In July 2018, the Phoenix Park in Dublin won a Gold Award at the International Large Urban Parks Awards. The other winner was the Centennial Park in Sydney, Australia. It must be doing something right. The roads and paths are well maintained, and rubbish is sparse. As the largest enclosed public park in a European capital, it provides a rare city setting for reflection, tranquillity and isolation.
The Office of Public Works’ (OPW) strategic review of the Phoenix Park has received a lot of attention in recent weeks. The first objective in the plan is to review future tourism development potential, the second is to prepare a development plan for a visitor centre, the third to prepare a development plan for the Magazine Fort. “The great value of the Phoenix Park may be that it delivers fully on the brand promise of green spaces at the edge of the city”; “Enhancing the visitor experience,” we are told, “may help to spread the economic benefits of tourism within Dublin”; “It is the ambition of the Strategic Review to create new products and a visitor proposition aligned to the Dublin brand strategy.” Dublin is not a city now, it is a brand. The things in it are “products”.

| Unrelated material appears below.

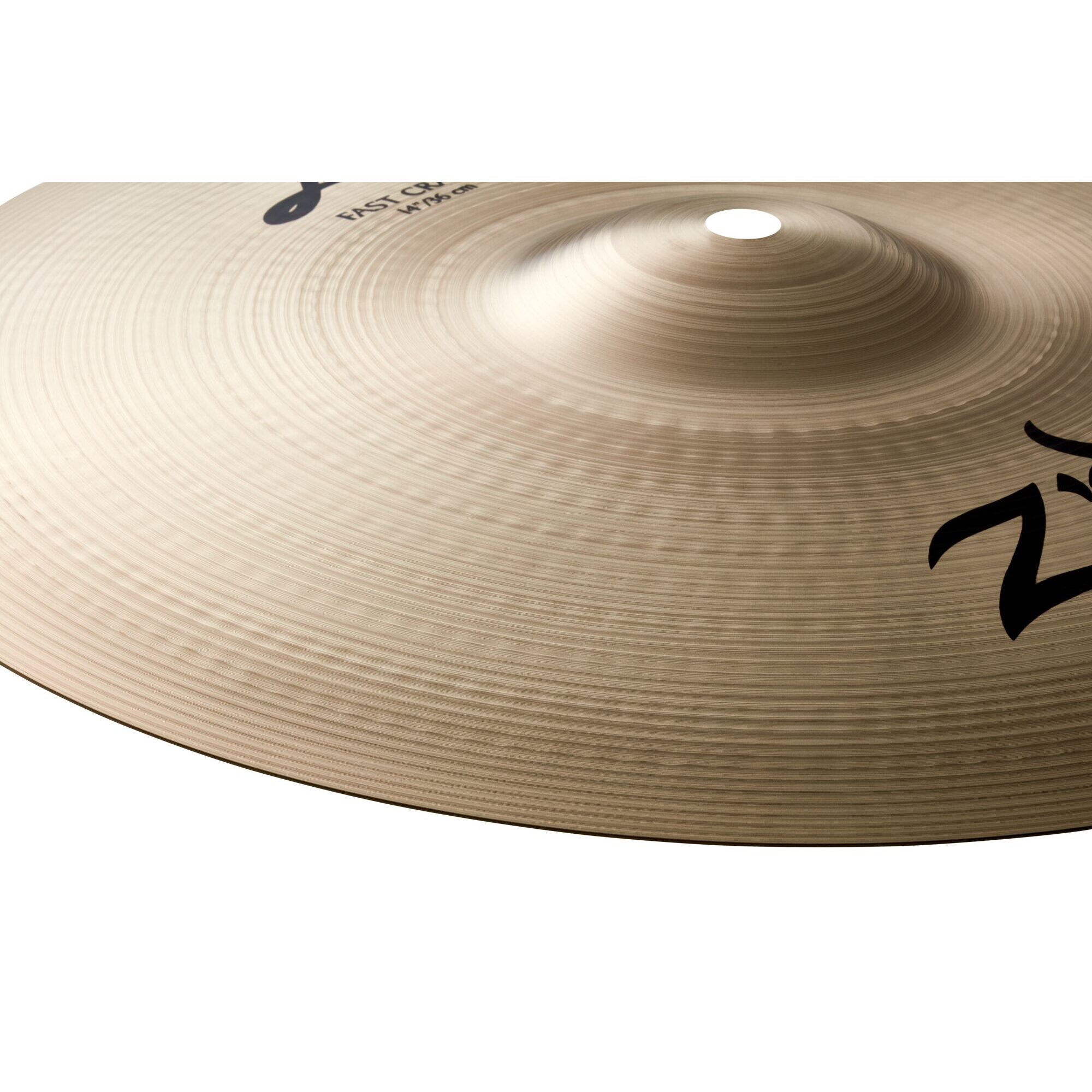 Zildjian A0264 14" Avedis Fast Crash - Image 6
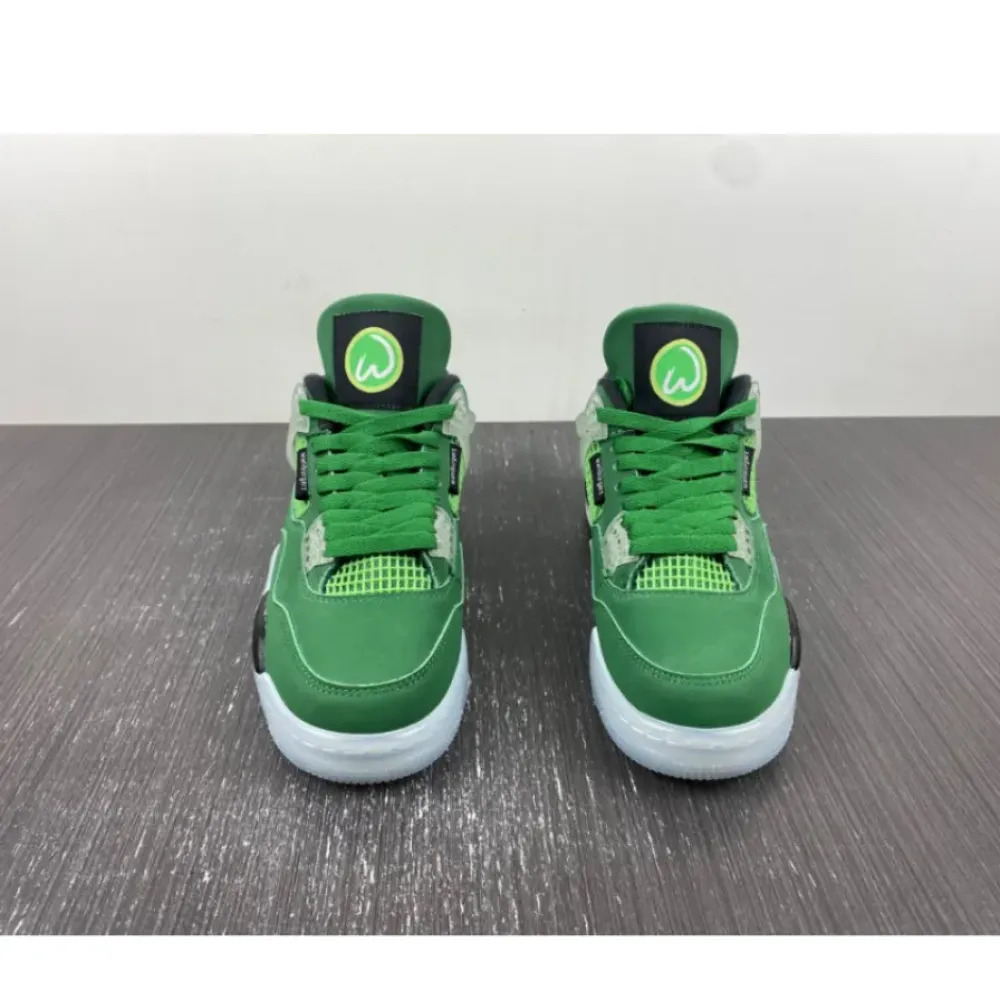 Air Jordan 4 “Wahlburgers” PE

The Phoenix Park could do some things better. The restoration of the Magazine Fort is a good idea. The proposal to refurbish the ramparts to make a “circuitous rampart walk” is a good idea. Cleaning and refurbishing the Magazine Stores is a good idea. A moat walk “within the dry bed of the old ditched ravelins” is also a good idea. But there are other plans that feel designed to encroach on the things that make the park great.
Complete gimmick
The Phoenix Park doesn’t need a large visitor centre. The park is the visitor centre. The proposal for the Ashtown Demense area includes “retail concepts”, aka shops. Why on earth would you propose retail units for the park? While connecting the Magazine Fort to the Memorial Gardens at Islandbridge is an interesting idea, the proposal for a funicular railway is a complete gimmick. Funicular railways are often in situ for generations, things that existed and became attractions – not imposed flypaper for tourists. The funicular railway at Castle Hill in Budapest has been in operation since 1870. The funicular railway at Barcelona’s Montserrat was built in 1918. But the most obnoxious proposal is to build large carparks, no matter what kind of language you shroud it in. “The resolution of the car parking issue may be contained within the methods employed by large events, such as Bloom,” the report says, “which temporarily colonises discreet parts of the park for temporary parking of cars. This transitory dynamic could be reproduced in a more permanent form with careful and well-designed car parking areas.”
What does a “careful” carpark look like, I wonder? Building car parks or extending them within the park is regressive. We should be moving beyond a car-focused city, not tarmacing over parkland.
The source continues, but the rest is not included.